OS World provides a robust environment for AI agents to interact with and measure their performance.
The project includes a research paper and open-source code, data, and tools for the AI community.
OS World allows AI agents to perform actions in an environment and test their effectiveness.
The project uses an analogy of assembling Ikea furniture to explain the need for grounding in executing instructions.
Large Language Models (LLMs) and Vision Models (VMs) can be used for testing within the OS World environment.
OS World introduces xLang, which translates natural language instructions into executable code.
The environment supports multi-step planning, reasoning, and feedback for AI agents.
OS World can evaluate complex computer tasks involving multiple apps and interfaces.
The project has created 369 real-world computer tasks for benchmarking purposes.
Tasks are evaluated based on real-world user instructions and initial state configurations.
The use of accessibility trees or screenshots combined with accessibility trees provides the best results for observation.

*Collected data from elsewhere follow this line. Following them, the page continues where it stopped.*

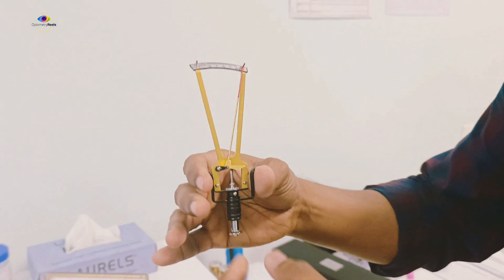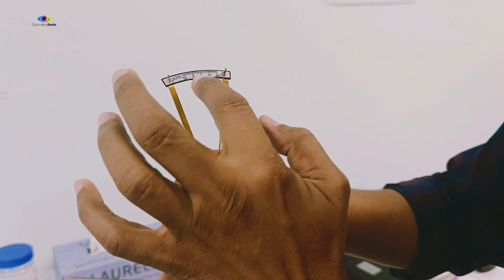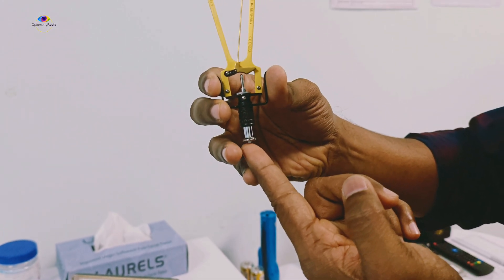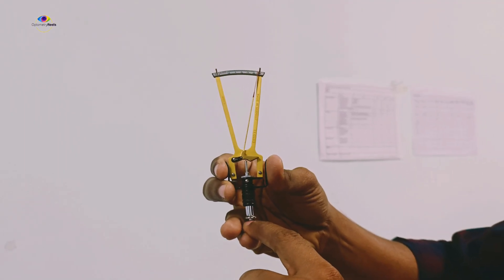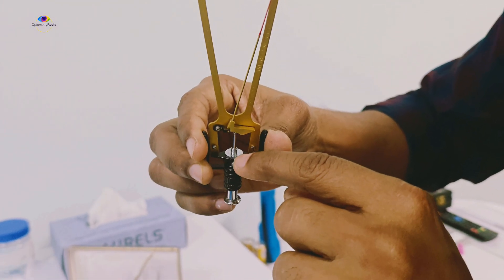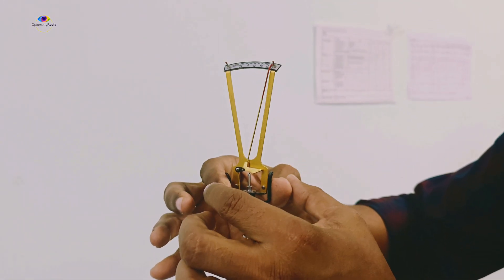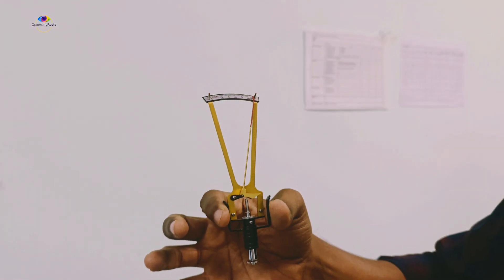Before I show you how it is done on patients, I would like you to understand this instrument. This instrument is based on the principle of indentation. It has a scale and a needle. This is the plunger which rests on the cornea, and the amount of pressure exerted on the cornea is reflected on the needle. It comes with an inbuilt weight of 5.5 grams. This is the lever, and overall this is how the Schiotz Tonometer looks.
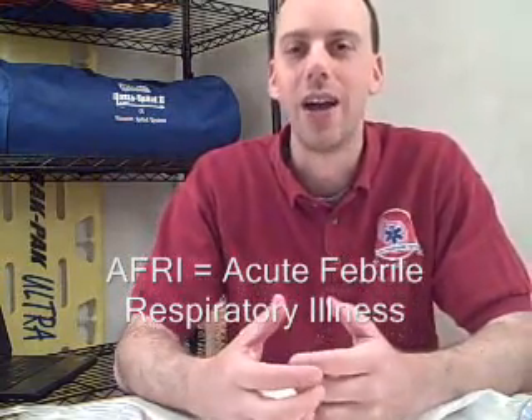It's an acute febrile respiratory illness, or AFRI. One of the considerations for those patients is they're often having breathing difficulty, and it would be reasonable that an EMT or paramedic would apply oxygen by a non-rebreather mask. A non-rebreather mask is set up so the patient inhales through the reservoir, and when they exhale, there are holes or openings on the side of the mask so their exhaled air just exits off to the side.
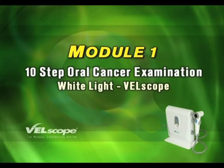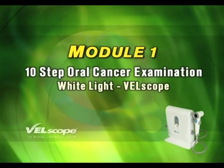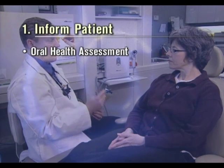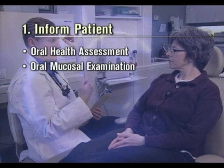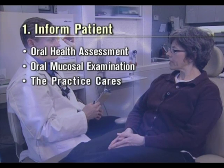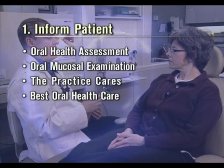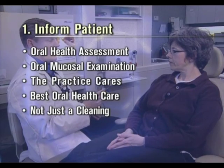Module 1 – The 10 Steps of a Thorough Oral Cancer Examination using White Light and Velscope. Inform patients that they are receiving a thorough oral health assessment, including a comprehensive oral mucosal examination. This shows that the practice cares about their well-being, informs the patients they are receiving the best possible overall oral health care, and demonstrates that this is not just a cleaning.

Higher screenshot resolution typically leads to improved performance in the benchmarking tests.
GPT-4 has been the top performer across most input modes in the OS World benchmarking.
The project aims to improve AI agents' ability to control and interact with computer environments effectively.
OS World provides a scalable real computer environment for evaluating open-ended tasks.
The project could potentially allow AI agents to execute complex tasks on behalf of users in the future.
The OS World project is open-source, allowing for community contributions and improvements.